Finally saved enough to buy a house (a year ago). Made a wise job move 6 months ago (doubled income). Just set up (and maxing out): 401K, Roth IRA and HSA.

Congrats!

Looking forward I’ll have approx $100K a year to invest (post 401K, Roth IRA and HSA)

A few beginners Q…

1. Stocks vs housing: My original plan was to buy a rental property ASAP but in the North East (where I live) I can get nowhere near the 1% rule. Am I better going the stock market route? (at least to get my investing ball rolling?)

Obviously people will have differing opinions on this, and NO rule is applicable to every property in every region of the country.  But I've been reading on real estate for a few years now and I'm fairly certain that for most of the metro areas in the Northeast (I'm in NYC, but I've looked in the surrounding regions), the 1% rule doesn't work - you won't find property meeting that criteria in highly populated places in the northeast.  Furthermore, your risk is magnified because the cost of the average property in the northeast is higher; to get on the property ladder costs you $150k and up, usually, at a minimum.  Oftentimes - more!

Your choices are:
  • go the real estate route route and pursue a different strategy other than "buy houses that roughly meet the 1-2% rule of thumb".  John T. Reed is a pretty good source on some of these alternative strategies, but be advised that none are as simple as the 1-2% rule.  Ignore how bad his site looks or his doomsday streak - he's got solid info on real estate investing.
  • Invest long-distance in properties that meet that 1-2% rule
  • Stick to the stock market until you've got more capital.

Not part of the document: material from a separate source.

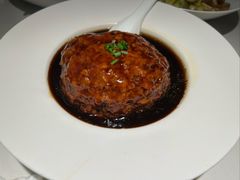 -苹果树下艺术餐厅(宋庄店)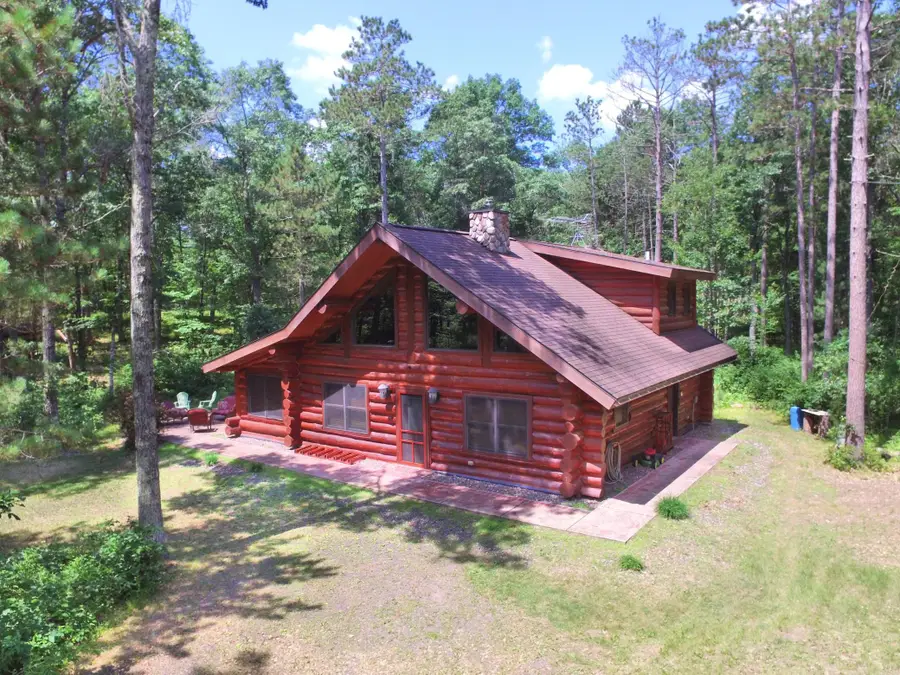 29774 Little Bear Drive, Danbury, WI 54830 - #3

2. What is a good beginner’s book on investing? I have a MBA and understand the basic principle of the stock market and company valuations. But how do I put this into practice?

If you mean on overall portfolio management from a "what consistently works and is simple" perspective, I'd recommend the Bogleheads forum.  They'll stress asset allocation, diversification, low costs, asset location, and tax efficiency.  They will explain these concepts really well.  Importantly, you will not fuck yourself following this path.  You'll do average for your risk profile, which will NOT put you in the 50th percentile of investors.  It will put you in the upper quartile of the investing public, I would guess, because most investors don't earn the risk-adjusted return they deserve - they screw up some key concept (low fees, proper asset allocation, they try to market time, etc).

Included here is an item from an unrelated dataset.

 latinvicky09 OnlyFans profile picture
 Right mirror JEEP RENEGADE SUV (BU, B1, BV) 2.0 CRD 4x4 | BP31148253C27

If you mean "I want to try my hand at actively managing my stock portfolio", then I'd say: go for it.  But there's a right and a wrong way to do this.  I'd say carve out a piece of your equity portfolio (say, 10%) and try your hand at it.  I would add a bunch of caveats and "how do to this without blowing yourself up" type guidelines, but I'm not even sure that this is what you meant?  If you mean "I want to try and actively manage some of my equities because I think I can do better / think it would be interesting / think it would be a lot of fun", then tell me that and I'll recommend some guidelines for how to attempt this in a way where any screwups will be minimized, and you can actually track if you're doing a good job or not over the long-haul.
3. What is the best way to invest the $100K?
         Investing in stocks: Reading about the stock market makes me nervous that we are at a high and it will crash shortly. Do I want to  lose a chuck of that $100K?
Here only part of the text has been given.